The Atlantic's Bookshelf

by H. G. Wells. New York: The Macmillan Company. 1925. 12mo. vii+391 pp. $2.50.
THIS is the story of one of the world’s misfits, an idealist doomed by marriage to manage a laundry. Albert Edward Preemby is the father of Christina Alberta, and rather a pathetic little figure with an ill-defined desire for something deeper and more spiritual than laundering can provide. This takes the form of a curiosity to learn about the lost Atlantis, ancient kings, and semi-occult subjects; but until the death of his wife, and his removal to a tiny artistic colony in Chelsea, the passion remains to a large extent ungratified. He had always heard that traces of Atlantis could he found at Tunbridge Wells, and he finds it a relief to flee from the artistic crudities of Chelsea to the respectable vulgarity of a boarding-house. Here Mr. Wells has placed the significant event in Mr. Preemby’s life and the raison d’être of his vagaries. At a pseudo-séance conducted by a Cambridge undergraduate he becomes convinced that he is Sargon, King of Kings, returned to earth, and that his duty is to lead the world again to the peace and glory which it possessed in the days of that monarch. The calling of disciples inevitably precipitates a conflict with the police, and in a very short time the bewildered Mr. Preemby finds himself committed to a lunatic asylum. This affords Mr. Wells a grand opportunity to turn and rend the Lunacy Laws and their administration; even George Bernard Shaw could put the sea! of his approval to this noble attack.
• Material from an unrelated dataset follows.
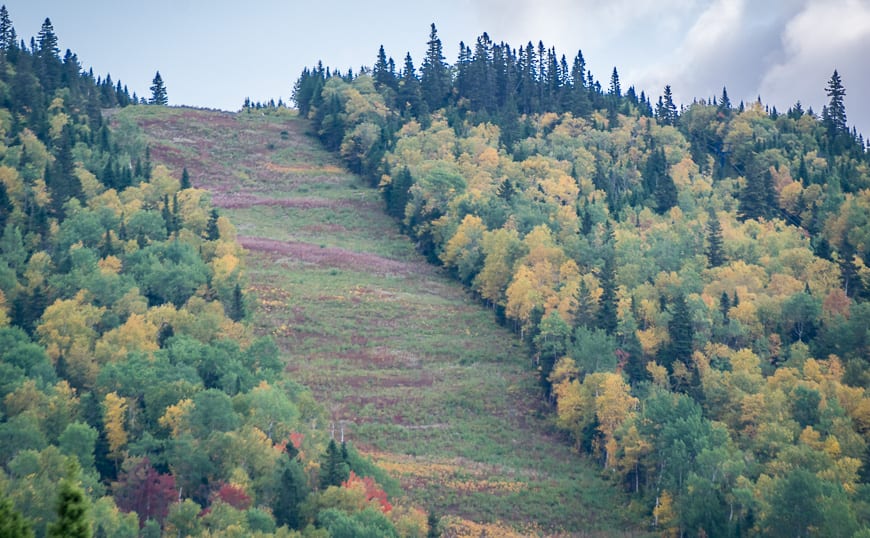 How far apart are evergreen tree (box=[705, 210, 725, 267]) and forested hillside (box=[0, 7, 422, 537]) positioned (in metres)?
41.2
Of course he is rescued, but not all saviors have the delightful charm of the young would-be author who plays the rôle on this occasion. Besides the authorities at the asylum he has the machinations of Mr. Preemby’s brother-in-law to cope with; yet his success is short -lived, for pneumonia seizes poor Sargon, and he passes on, pathetically brave to the end.
This novel is a return to Mr. Wells’s earlier method of expression, but it is a return enhanced by a growth in sympathy and understanding, although the urge to preach proves too strong for him in the concluding pages. The illusion of a potential greatness persists in nearly every human heart, and the reader unconsciously responds to the appeal of a man who almost succeeds in demonstrating that a truly royal heart can beat in the breast of a laundryman. The artistic colony is a target for some barbed but fairly harmless shafts; the old problem of marriage is taken out, aired, and put back much as it was; and the London police remain as reliable as ever. In fact, this is Wells as we have learned to expect him; yet in humor and characterization the novel is the equal of nearly everything that he has written, and in depth and penetration it is, perhaps, superior.